Dieser Prozess führt dazu, dass das Kreuz auf dem Wahlzettel nicht mehr als Instrument der Mitgestaltung, sondern als bloße Legitimation für ein „Weiter so“ empfunden wird.
Die Folgen für die Demokratie
Wenn der Eindruck dominiert, dass Politiker ungestraft lügen können, schlägt Skepsis in Apathie oder Unzufriedenheit und sogar blankes Entsetzen um.
- Apathie: Bürger ziehen sich ganz aus dem politischen Prozess zurück („Es bringt ja eh nichts“).

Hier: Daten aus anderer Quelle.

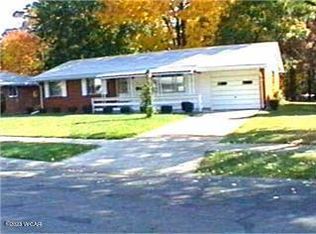 914 Crestwood Dr, Lima, OH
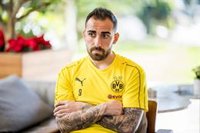 El Borussia Dortmund paga al Barça los 23 millones acordados por Alcácer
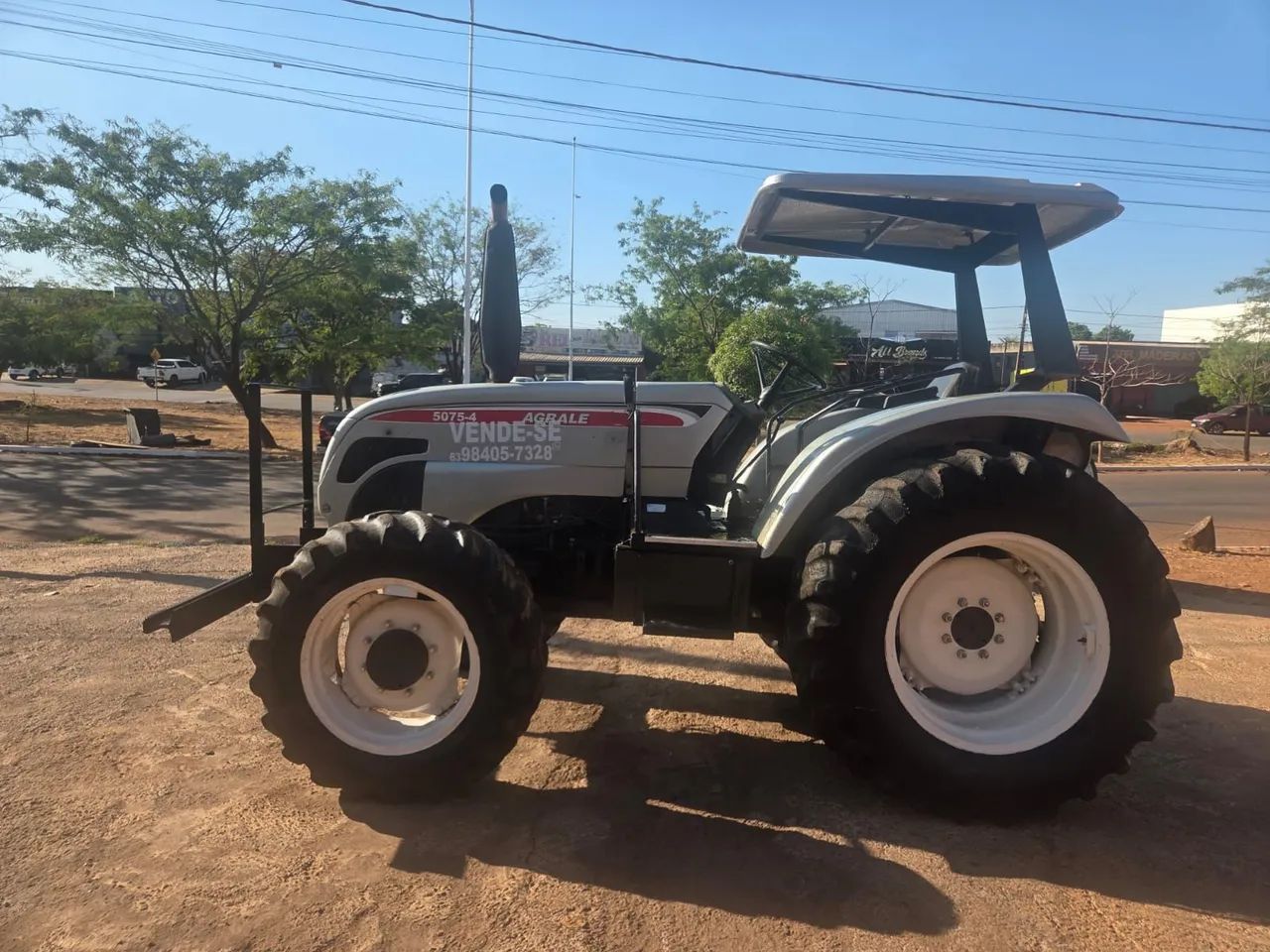 Agrale 5075-4 - Foto 5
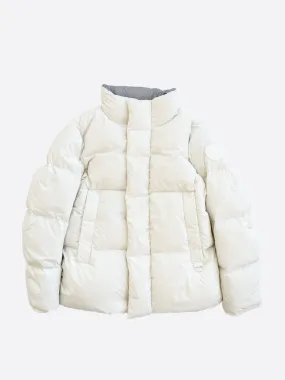 Canada Goose White Pastel Everett Men's Jacket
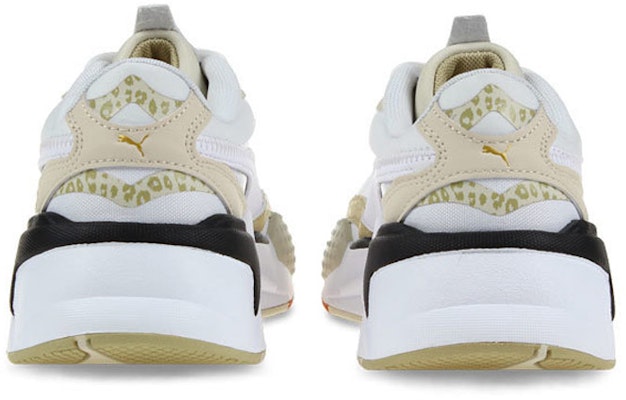 Puma RS-X³ 減震耐磨 低筒運動鞋 女款 白 Shop Puma RS-X³ 減震耐磨 低筒運動鞋 女款 白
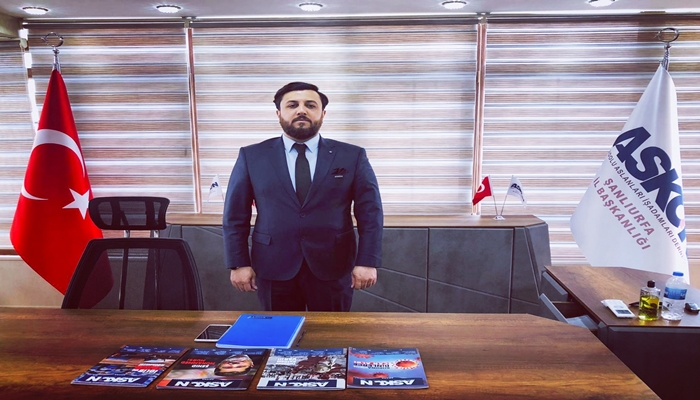 ASKON’dan Beyazgül’e Tam Destek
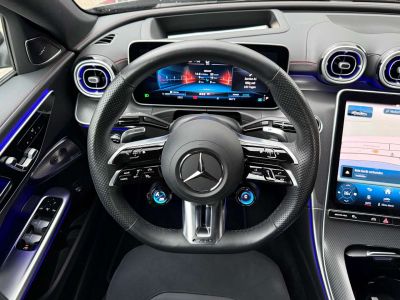 Mercedes-Benz C-Klasse Gebrauchtwagen Mercedes-Benz C-Klasse Gebrauchtwagen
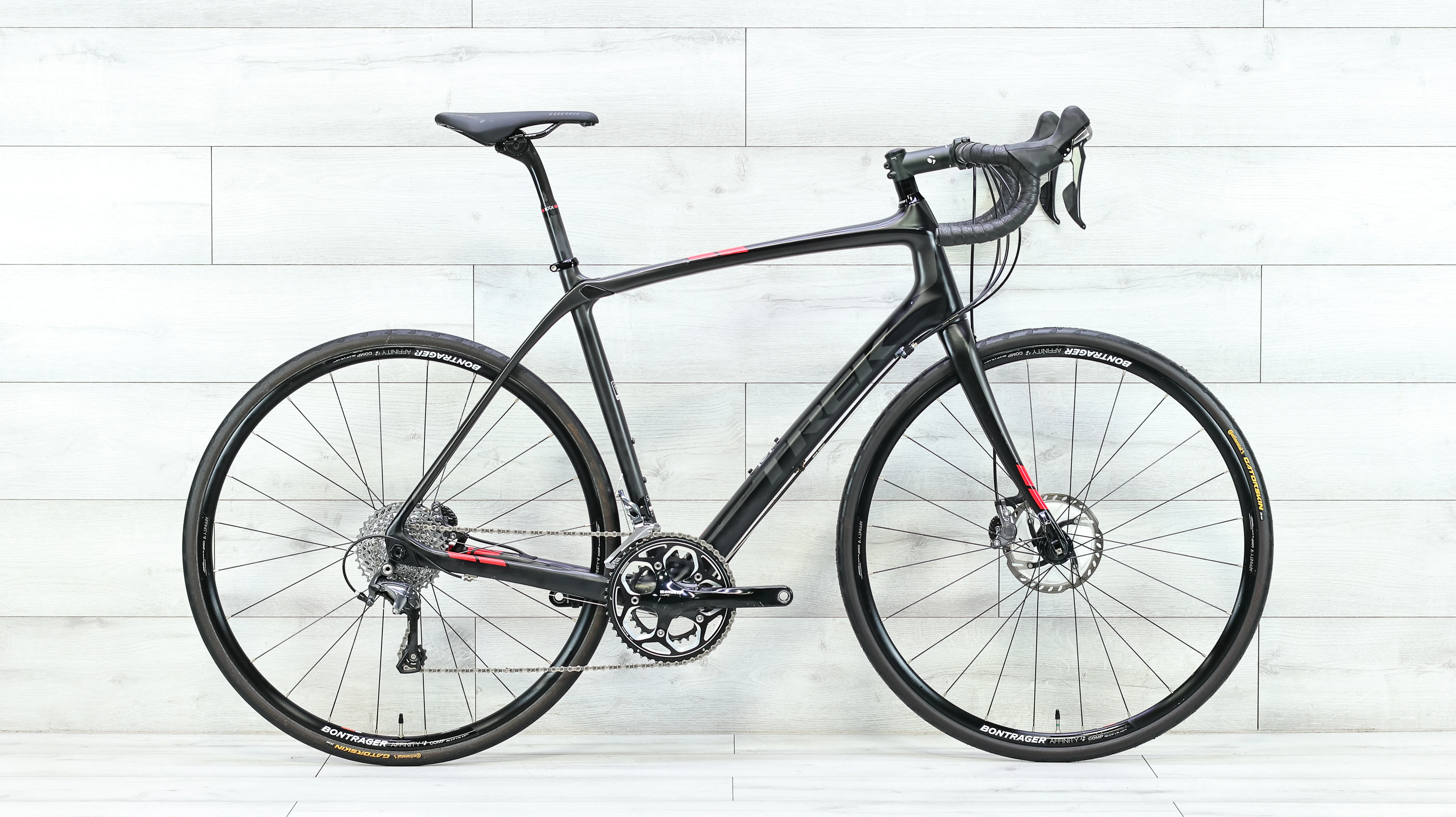 Trek Domane 4.5 Disc Compact Road Bike - 2016, 58cm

- Panik: Das Vakuum, das durch schwindendes Vertrauen in die Institutionen entsteht, wird durch das Wissen gefüllt, dass der Untergang der Deutschland-Titanik nicht mehr aufzuhalten ist.
Fazit:
Der Eindruck, Wahlen seien wirkungslos, ist gefährlich. Er entsteht jedoch nicht im luftleeren Raum, sondern ist die direkte Konsequenz aus einem politischen Stil, der Taktik über Transparenz stellt. Wenn die Sprache der Macht nicht mehr die Sprache der Wahrheit ist, verliert die Wahl ihre Funktion als Brücke zwischen Volk und Führung.
Fazit zur Systematik
Das Problem ist weniger eine einzelne Person, sondern ein wiederkehrendes Muster:
- Im Wahlkampf werden klare Identitäten und Versprechen aufgebaut.
- In der Regierungsverantwortung werden diese unter Verweis auf die Realpolitik (oder das „Vergessen“ bei Scholz) geopfert.
Wenn Politiker wie Merz, Scholz oder Merkel das Gegenteil dessen tun, wofür sie gewählt wurden, festigt sich bei vielen Bürgern der Eindruck, dass das Wahlergebnis zwar das Personal austauscht, aber nicht den Kurs der Politik verändert. Dies ist der Nährboden für den eingangs erwähnten Satz, dass Wahlen am Ende nichts ändern würden.